ASSIGNMENT
State how many lines of the entries hold the string "Photo". Reply with the number alone.

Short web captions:
▼
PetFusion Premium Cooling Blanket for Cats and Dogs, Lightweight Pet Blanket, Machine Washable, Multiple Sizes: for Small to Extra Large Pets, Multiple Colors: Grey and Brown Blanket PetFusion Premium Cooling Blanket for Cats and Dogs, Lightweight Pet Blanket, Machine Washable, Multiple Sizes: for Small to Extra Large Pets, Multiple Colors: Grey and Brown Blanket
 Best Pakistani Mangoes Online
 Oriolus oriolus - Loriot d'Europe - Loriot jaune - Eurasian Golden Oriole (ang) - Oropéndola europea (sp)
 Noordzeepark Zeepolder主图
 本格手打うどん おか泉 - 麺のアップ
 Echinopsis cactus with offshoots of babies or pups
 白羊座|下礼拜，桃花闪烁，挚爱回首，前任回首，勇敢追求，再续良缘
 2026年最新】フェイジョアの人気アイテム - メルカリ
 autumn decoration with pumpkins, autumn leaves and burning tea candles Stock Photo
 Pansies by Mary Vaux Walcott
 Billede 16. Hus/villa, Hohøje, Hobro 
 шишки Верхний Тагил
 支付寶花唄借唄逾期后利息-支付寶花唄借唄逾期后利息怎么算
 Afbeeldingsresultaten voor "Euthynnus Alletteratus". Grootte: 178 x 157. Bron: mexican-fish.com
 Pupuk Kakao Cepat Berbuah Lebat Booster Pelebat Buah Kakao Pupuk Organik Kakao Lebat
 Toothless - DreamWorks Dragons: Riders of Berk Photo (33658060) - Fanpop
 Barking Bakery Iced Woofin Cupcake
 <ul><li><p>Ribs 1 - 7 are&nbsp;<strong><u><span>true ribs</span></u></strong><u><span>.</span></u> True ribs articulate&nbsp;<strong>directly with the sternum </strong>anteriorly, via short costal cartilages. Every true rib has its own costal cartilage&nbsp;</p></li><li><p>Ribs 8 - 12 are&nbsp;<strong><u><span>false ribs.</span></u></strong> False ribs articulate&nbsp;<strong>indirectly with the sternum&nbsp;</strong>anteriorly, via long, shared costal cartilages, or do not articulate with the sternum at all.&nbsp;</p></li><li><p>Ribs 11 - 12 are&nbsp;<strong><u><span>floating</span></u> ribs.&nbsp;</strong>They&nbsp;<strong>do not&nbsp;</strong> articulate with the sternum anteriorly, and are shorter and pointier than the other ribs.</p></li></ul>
▲
SOLUTION TO THIS EXERCISE
2